▶ **The task**
From the listing below, copy only the lines from the line that contains "Image de Abri" to the line that contains "Hansgrohe Aquno Select", counting those two lines as part of the copy.
Information supplied section start
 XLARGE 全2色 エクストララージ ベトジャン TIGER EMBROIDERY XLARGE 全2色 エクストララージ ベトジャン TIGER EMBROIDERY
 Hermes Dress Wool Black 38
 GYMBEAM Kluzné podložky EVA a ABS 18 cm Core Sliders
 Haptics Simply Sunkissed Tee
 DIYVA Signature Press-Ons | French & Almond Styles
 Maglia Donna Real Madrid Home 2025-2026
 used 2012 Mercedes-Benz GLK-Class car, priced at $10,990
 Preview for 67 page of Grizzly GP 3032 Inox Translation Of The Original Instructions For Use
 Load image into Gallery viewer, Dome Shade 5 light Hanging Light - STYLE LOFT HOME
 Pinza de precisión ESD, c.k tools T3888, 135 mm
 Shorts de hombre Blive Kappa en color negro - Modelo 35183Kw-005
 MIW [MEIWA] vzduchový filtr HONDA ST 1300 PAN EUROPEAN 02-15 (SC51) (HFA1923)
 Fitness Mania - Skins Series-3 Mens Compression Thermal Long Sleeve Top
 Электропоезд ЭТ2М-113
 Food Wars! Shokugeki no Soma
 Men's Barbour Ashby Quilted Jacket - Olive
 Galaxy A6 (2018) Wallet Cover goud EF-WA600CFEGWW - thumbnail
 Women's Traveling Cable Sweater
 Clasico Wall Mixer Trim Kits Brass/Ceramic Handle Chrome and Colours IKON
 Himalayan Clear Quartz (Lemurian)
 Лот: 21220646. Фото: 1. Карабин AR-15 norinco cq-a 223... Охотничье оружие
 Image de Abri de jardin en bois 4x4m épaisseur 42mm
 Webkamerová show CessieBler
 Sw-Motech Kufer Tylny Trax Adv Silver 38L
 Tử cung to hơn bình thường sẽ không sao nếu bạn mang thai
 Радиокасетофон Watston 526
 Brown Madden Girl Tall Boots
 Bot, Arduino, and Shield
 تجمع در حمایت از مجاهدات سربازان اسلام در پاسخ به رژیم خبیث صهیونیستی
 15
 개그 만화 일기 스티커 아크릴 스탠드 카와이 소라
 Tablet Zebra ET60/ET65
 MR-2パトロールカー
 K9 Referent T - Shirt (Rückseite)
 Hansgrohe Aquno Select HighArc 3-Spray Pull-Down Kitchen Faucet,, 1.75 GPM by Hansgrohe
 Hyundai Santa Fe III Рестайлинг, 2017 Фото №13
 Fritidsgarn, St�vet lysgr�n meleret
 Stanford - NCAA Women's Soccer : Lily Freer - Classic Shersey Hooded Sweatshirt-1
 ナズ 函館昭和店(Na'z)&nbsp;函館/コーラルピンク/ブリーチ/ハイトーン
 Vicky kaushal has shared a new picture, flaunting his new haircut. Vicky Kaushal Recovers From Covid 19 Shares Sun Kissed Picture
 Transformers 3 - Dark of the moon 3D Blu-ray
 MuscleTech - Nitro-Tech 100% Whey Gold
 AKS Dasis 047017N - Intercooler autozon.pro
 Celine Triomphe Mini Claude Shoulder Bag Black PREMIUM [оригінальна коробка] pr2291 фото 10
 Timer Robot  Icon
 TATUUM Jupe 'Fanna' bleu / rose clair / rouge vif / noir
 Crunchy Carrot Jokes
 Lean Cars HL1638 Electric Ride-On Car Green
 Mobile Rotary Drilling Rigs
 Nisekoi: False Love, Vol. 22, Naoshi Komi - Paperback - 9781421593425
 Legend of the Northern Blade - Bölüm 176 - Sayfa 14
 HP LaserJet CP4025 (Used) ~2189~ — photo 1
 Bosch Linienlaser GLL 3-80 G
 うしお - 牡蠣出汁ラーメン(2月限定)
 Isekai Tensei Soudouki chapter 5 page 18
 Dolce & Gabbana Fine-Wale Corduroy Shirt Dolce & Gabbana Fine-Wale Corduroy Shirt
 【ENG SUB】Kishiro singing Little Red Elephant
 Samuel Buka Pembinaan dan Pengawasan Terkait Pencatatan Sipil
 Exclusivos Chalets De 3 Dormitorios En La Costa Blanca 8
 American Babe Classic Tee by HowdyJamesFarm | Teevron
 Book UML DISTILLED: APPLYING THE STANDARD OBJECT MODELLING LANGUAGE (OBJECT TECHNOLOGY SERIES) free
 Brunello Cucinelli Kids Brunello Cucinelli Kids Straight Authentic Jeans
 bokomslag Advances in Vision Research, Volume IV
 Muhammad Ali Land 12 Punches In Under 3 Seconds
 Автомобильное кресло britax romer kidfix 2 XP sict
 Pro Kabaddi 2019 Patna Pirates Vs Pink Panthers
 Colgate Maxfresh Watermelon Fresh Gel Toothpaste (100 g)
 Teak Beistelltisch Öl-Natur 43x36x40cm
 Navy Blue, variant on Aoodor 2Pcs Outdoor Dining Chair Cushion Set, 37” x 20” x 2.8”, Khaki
Information supplied section end
▶ **Exercise result**
 Image de Abri de jardin en bois 4x4m épaisseur 42mm
 Webkamerová show CessieBler
 Sw-Motech Kufer Tylny Trax Adv Silver 38L
 Tử cung to hơn bình thường sẽ không sao nếu bạn mang thai
 Радиокасетофон Watston 526
 Brown Madden Girl Tall Boots
 Bot, Arduino, and Shield
 تجمع در حمایت از مجاهدات سربازان اسلام در پاسخ به رژیم خبیث صهیونیستی
 15
 개그 만화 일기 스티커 아크릴 스탠드 카와이 소라
 Tablet Zebra ET60/ET65
 MR-2パトロールカー
 K9 Referent T - Shirt (Rückseite)
 Hansgrohe Aquno Select HighArc 3-Spray Pull-Down Kitchen Faucet,, 1.75 GPM by Hansgrohe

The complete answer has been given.